Alternativ zum Passiv
There are a few alternative constructions to the passive voice in German. The verb “lassen” is one of these, which means “to let”; however, it is used differently here than in English. Consider the following examples:
Es lässt sich leicht erklären. / It lets itself be easily explained. (literal translation)
The English translation sounds awkward to any native English speaker — the better equivalent is: “It is easy to explain” or “it can easily be explained.” The passive voice uses past participles in both English and German, but the above formulation is constructed using a present tense reflexive verb and an infinitive (lässt/erklären; is/to explain). This German alternative to the passive voice is used in place of the modal verb “können” in the passive (e.g. Es kann nicht geschrieben werden. = Es lässt sich nicht schreiben.). Below are some more examples to give you an idea of how “lassen” is used:
Ich lasse mich beraten. / I am going to get advised/seek advice.

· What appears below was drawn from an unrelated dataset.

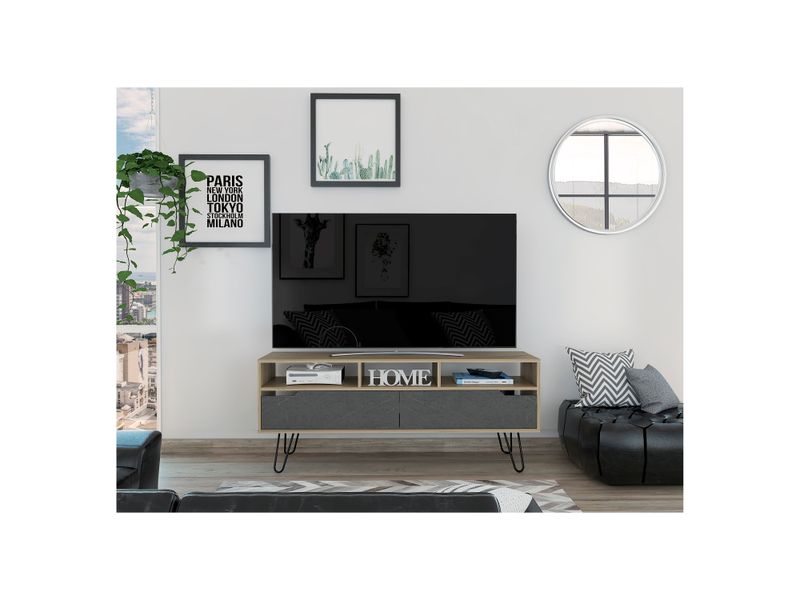 Mueble-Para-TV-Marca-Mainstays-Para-TV-De-60-pulgadas-7-2142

Lässt du dein Fahrrad reparieren? / Are you going to get/have your bicycle repaired?
Much like in the previous examples, the English equivalents are not word-for-word translations, but they convey approximately the same meaning: in both cases, the subject is not the one doing the activity (beraten, reparieren); but rather, they are having someone else perform those services, i.e. they are arranging for them to be done.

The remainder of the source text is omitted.